• Problem details
Reproduce the entire listing exactly as written, apart from its pictures.

• Raw data
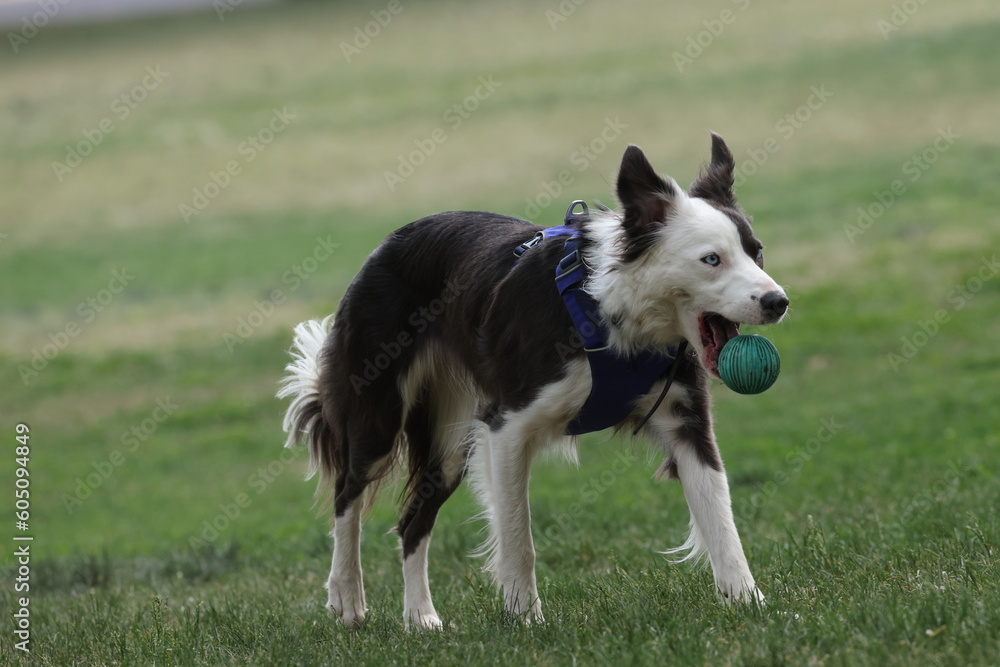 Border collie dog dropping ball 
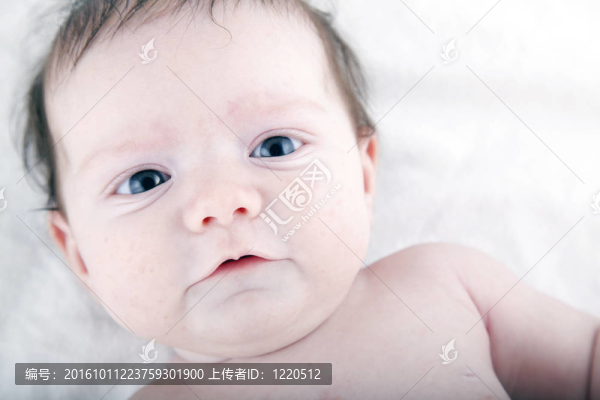 兩個月的寶寶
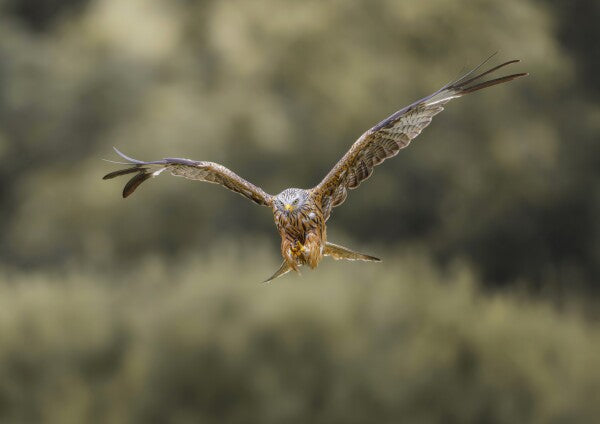 Print "Flight of the Wild"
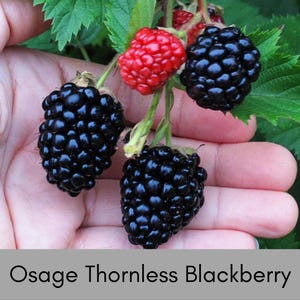 May include: Close-up of a hand holding a cluster of blackberries and a single red raspberry. The blackberries are a deep, glossy black, while the raspberry is bright red. The text "Osage Thornless Blackberry" is at the bottom.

• The completed task
 Border collie dog dropping ball 
 兩個月的寶寶
 Print "Flight of the Wild"
 May include: Close-up of a hand holding a cluster of blackberries and a single red raspberry. The blackberries are a deep, glossy black, while the raspberry is bright red. The text "Osage Thornless Blackberry" is at the bottom.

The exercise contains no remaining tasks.